> **Problem requirements**: Provide a verbatim copy of the data below.

Entries taken from a collection:
··········
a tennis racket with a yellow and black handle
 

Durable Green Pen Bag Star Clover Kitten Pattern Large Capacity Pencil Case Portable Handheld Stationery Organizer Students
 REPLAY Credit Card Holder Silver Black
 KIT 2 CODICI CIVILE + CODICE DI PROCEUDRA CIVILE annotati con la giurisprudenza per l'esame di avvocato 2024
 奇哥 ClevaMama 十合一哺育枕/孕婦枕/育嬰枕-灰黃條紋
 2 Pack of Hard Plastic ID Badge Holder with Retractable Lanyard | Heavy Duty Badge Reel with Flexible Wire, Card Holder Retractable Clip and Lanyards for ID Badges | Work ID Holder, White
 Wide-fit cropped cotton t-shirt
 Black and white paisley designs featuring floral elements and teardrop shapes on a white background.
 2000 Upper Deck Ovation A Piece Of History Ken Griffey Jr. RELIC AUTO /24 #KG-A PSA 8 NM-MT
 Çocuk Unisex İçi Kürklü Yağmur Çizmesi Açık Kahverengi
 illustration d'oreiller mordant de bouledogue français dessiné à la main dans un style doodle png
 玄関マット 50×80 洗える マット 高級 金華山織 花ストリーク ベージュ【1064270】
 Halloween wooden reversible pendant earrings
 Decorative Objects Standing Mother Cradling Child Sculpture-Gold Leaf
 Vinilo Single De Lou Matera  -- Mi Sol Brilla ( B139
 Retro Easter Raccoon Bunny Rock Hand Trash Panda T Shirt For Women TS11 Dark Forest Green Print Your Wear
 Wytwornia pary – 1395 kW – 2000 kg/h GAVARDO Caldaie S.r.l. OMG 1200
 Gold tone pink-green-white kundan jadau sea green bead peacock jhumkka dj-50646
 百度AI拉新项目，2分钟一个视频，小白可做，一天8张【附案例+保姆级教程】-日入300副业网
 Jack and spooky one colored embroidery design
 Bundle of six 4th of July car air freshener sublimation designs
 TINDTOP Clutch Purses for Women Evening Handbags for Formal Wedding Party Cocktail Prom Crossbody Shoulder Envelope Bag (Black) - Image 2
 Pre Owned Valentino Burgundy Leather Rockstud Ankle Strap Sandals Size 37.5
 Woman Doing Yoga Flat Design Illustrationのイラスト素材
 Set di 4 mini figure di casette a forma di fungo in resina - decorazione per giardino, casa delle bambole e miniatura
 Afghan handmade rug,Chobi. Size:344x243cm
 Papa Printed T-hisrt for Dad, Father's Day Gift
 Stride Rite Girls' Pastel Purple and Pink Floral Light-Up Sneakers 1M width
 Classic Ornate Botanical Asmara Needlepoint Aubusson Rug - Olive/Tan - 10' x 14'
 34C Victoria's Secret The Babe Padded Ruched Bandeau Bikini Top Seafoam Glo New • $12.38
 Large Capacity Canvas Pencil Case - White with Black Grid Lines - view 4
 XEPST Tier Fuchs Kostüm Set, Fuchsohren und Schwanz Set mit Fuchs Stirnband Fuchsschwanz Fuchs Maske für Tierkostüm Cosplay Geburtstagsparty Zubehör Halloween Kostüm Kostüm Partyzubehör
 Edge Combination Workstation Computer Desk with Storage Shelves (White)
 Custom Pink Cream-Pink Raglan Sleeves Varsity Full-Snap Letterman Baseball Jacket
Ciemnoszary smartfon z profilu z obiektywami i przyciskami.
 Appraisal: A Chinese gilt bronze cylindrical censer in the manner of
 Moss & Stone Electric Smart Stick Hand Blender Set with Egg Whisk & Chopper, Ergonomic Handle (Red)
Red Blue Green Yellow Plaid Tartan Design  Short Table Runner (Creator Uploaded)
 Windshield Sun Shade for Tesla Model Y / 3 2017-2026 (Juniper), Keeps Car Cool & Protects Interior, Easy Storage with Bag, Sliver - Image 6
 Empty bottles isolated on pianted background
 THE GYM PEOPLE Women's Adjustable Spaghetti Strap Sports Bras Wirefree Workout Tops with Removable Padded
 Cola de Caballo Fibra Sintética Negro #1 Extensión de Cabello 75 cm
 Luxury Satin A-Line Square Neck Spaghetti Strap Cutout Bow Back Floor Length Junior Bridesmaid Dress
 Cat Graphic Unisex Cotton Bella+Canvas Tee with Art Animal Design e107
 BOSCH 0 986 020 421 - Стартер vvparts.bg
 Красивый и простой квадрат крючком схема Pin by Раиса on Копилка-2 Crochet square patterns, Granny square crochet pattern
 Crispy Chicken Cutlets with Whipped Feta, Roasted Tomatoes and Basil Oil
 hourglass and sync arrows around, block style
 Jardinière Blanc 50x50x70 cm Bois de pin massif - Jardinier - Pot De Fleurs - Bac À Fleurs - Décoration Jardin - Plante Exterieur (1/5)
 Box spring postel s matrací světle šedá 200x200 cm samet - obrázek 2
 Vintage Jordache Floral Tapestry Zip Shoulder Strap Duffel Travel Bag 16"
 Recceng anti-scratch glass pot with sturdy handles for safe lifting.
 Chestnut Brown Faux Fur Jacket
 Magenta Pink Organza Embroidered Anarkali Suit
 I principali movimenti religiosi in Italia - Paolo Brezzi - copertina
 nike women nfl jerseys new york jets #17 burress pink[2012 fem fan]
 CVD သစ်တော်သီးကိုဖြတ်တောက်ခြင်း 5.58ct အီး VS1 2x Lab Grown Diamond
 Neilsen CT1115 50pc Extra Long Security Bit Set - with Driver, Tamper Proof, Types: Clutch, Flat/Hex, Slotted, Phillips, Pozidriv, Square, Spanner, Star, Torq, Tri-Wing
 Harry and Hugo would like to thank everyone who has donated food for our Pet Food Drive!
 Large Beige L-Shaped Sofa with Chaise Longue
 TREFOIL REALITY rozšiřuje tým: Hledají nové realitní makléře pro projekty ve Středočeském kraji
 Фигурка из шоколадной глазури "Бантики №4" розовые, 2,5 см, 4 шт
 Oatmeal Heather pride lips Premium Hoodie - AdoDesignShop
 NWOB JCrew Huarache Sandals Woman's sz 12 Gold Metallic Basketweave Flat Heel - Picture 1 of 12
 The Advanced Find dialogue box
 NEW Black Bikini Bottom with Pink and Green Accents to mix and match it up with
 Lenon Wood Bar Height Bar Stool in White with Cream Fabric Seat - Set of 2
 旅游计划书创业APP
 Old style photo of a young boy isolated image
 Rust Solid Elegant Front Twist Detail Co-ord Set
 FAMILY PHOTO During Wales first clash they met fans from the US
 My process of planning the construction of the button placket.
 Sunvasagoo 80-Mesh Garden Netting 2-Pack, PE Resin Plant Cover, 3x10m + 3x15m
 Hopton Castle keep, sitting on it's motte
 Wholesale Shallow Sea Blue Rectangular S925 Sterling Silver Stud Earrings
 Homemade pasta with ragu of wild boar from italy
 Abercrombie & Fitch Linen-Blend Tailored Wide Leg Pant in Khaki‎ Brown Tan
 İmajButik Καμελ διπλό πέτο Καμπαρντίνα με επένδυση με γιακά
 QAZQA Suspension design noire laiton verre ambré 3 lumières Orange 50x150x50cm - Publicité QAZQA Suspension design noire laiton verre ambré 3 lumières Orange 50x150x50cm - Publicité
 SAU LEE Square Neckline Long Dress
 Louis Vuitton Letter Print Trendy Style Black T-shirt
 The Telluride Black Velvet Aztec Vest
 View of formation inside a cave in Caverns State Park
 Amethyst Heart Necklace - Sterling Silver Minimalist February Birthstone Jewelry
··········
> **Your solution**:
a tennis racket with a yellow and black handle
 

Durable Green Pen Bag Star Clover Kitten Pattern Large Capacity Pencil Case Portable Handheld Stationery Organizer Students
 REPLAY Credit Card Holder Silver Black
 KIT 2 CODICI CIVILE + CODICE DI PROCEUDRA CIVILE annotati con la giurisprudenza per l'esame di avvocato 2024
 奇哥 ClevaMama 十合一哺育枕/孕婦枕/育嬰枕-灰黃條紋
 2 Pack of Hard Plastic ID Badge Holder with Retractable Lanyard | Heavy Duty Badge Reel with Flexible Wire, Card Holder Retractable Clip and Lanyards for ID Badges | Work ID Holder, White
 Wide-fit cropped cotton t-shirt
 Black and white paisley designs featuring floral elements and teardrop shapes on a white background.
 2000 Upper Deck Ovation A Piece Of History Ken Griffey Jr. RELIC AUTO /24 #KG-A PSA 8 NM-MT
 Çocuk Unisex İçi Kürklü Yağmur Çizmesi Açık Kahverengi
 illustration d'oreiller mordant de bouledogue français dessiné à la main dans un style doodle png
 玄関マット 50×80 洗える マット 高級 金華山織 花ストリーク ベージュ【1064270】
 Halloween wooden reversible pendant earrings
 Decorative Objects Standing Mother Cradling Child Sculpture-Gold Leaf
 Vinilo Single De Lou Matera  -- Mi Sol Brilla ( B139
 Retro Easter Raccoon Bunny Rock Hand Trash Panda T Shirt For Women TS11 Dark Forest Green Print Your Wear
 Wytwornia pary – 1395 kW – 2000 kg/h GAVARDO Caldaie S.r.l. OMG 1200
 Gold tone pink-green-white kundan jadau sea green bead peacock jhumkka dj-50646
 百度AI拉新项目，2分钟一个视频，小白可做，一天8张【附案例+保姆级教程】-日入300副业网
 Jack and spooky one colored embroidery design
 Bundle of six 4th of July car air freshener sublimation designs
 TINDTOP Clutch Purses for Women Evening Handbags for Formal Wedding Party Cocktail Prom Crossbody Shoulder Envelope Bag (Black) - Image 2
 Pre Owned Valentino Burgundy Leather Rockstud Ankle Strap Sandals Size 37.5
 Woman Doing Yoga Flat Design Illustrationのイラスト素材
 Set di 4 mini figure di casette a forma di fungo in resina - decorazione per giardino, casa delle bambole e miniatura
 Afghan handmade rug,Chobi. Size:344x243cm
 Papa Printed T-hisrt for Dad, Father's Day Gift
 Stride Rite Girls' Pastel Purple and Pink Floral Light-Up Sneakers 1M width
 Classic Ornate Botanical Asmara Needlepoint Aubusson Rug - Olive/Tan - 10' x 14'
 34C Victoria's Secret The Babe Padded Ruched Bandeau Bikini Top Seafoam Glo New • $12.38
 Large Capacity Canvas Pencil Case - White with Black Grid Lines - view 4
 XEPST Tier Fuchs Kostüm Set, Fuchsohren und Schwanz Set mit Fuchs Stirnband Fuchsschwanz Fuchs Maske für Tierkostüm Cosplay Geburtstagsparty Zubehör Halloween Kostüm Kostüm Partyzubehör
 Edge Combination Workstation Computer Desk with Storage Shelves (White)
 Custom Pink Cream-Pink Raglan Sleeves Varsity Full-Snap Letterman Baseball Jacket
Ciemnoszary smartfon z profilu z obiektywami i przyciskami.
 Appraisal: A Chinese gilt bronze cylindrical censer in the manner of
 Moss & Stone Electric Smart Stick Hand Blender Set with Egg Whisk & Chopper, Ergonomic Handle (Red)
Red Blue Green Yellow Plaid Tartan Design  Short Table Runner (Creator Uploaded)
 Windshield Sun Shade for Tesla Model Y / 3 2017-2026 (Juniper), Keeps Car Cool & Protects Interior, Easy Storage with Bag, Sliver - Image 6
 Empty bottles isolated on pianted background
 THE GYM PEOPLE Women's Adjustable Spaghetti Strap Sports Bras Wirefree Workout Tops with Removable Padded
 Cola de Caballo Fibra Sintética Negro #1 Extensión de Cabello 75 cm
 Luxury Satin A-Line Square Neck Spaghetti Strap Cutout Bow Back Floor Length Junior Bridesmaid Dress
 Cat Graphic Unisex Cotton Bella+Canvas Tee with Art Animal Design e107
 BOSCH 0 986 020 421 - Стартер vvparts.bg
 Красивый и простой квадрат крючком схема Pin by Раиса on Копилка-2 Crochet square patterns, Granny square crochet pattern
 Crispy Chicken Cutlets with Whipped Feta, Roasted Tomatoes and Basil Oil
 hourglass and sync arrows around, block style
 Jardinière Blanc 50x50x70 cm Bois de pin massif - Jardinier - Pot De Fleurs - Bac À Fleurs - Décoration Jardin - Plante Exterieur (1/5)
 Box spring postel s matrací světle šedá 200x200 cm samet - obrázek 2
 Vintage Jordache Floral Tapestry Zip Shoulder Strap Duffel Travel Bag 16"
 Recceng anti-scratch glass pot with sturdy handles for safe lifting.
 Chestnut Brown Faux Fur Jacket
 Magenta Pink Organza Embroidered Anarkali Suit
 I principali movimenti religiosi in Italia - Paolo Brezzi - copertina
 nike women nfl jerseys new york jets #17 burress pink[2012 fem fan]
 CVD သစ်တော်သီးကိုဖြတ်တောက်ခြင်း 5.58ct အီး VS1 2x Lab Grown Diamond
 Neilsen CT1115 50pc Extra Long Security Bit Set - with Driver, Tamper Proof, Types: Clutch, Flat/Hex, Slotted, Phillips, Pozidriv, Square, Spanner, Star, Torq, Tri-Wing
 Harry and Hugo would like to thank everyone who has donated food for our Pet Food Drive!
 Large Beige L-Shaped Sofa with Chaise Longue
 TREFOIL REALITY rozšiřuje tým: Hledají nové realitní makléře pro projekty ve Středočeském kraji
 Фигурка из шоколадной глазури "Бантики №4" розовые, 2,5 см, 4 шт
 Oatmeal Heather pride lips Premium Hoodie - AdoDesignShop
 NWOB JCrew Huarache Sandals Woman's sz 12 Gold Metallic Basketweave Flat Heel - Picture 1 of 12
 The Advanced Find dialogue box
 NEW Black Bikini Bottom with Pink and Green Accents to mix and match it up with
 Lenon Wood Bar Height Bar Stool in White with Cream Fabric Seat - Set of 2
 旅游计划书创业APP
 Old style photo of a young boy isolated image
 Rust Solid Elegant Front Twist Detail Co-ord Set
 FAMILY PHOTO During Wales first clash they met fans from the US
 My process of planning the construction of the button placket.
 Sunvasagoo 80-Mesh Garden Netting 2-Pack, PE Resin Plant Cover, 3x10m + 3x15m
 Hopton Castle keep, sitting on it's motte
 Wholesale Shallow Sea Blue Rectangular S925 Sterling Silver Stud Earrings
 Homemade pasta with ragu of wild boar from italy
 Abercrombie & Fitch Linen-Blend Tailored Wide Leg Pant in Khaki‎ Brown Tan
 İmajButik Καμελ διπλό πέτο Καμπαρντίνα με επένδυση με γιακά
 QAZQA Suspension design noire laiton verre ambré 3 lumières Orange 50x150x50cm - Publicité QAZQA Suspension design noire laiton verre ambré 3 lumières Orange 50x150x50cm - Publicité
 SAU LEE Square Neckline Long Dress
 Louis Vuitton Letter Print Trendy Style Black T-shirt
 The Telluride Black Velvet Aztec Vest
 View of formation inside a cave in Caverns State Park
 Amethyst Heart Necklace - Sterling Silver Minimalist February Birthstone Jewelry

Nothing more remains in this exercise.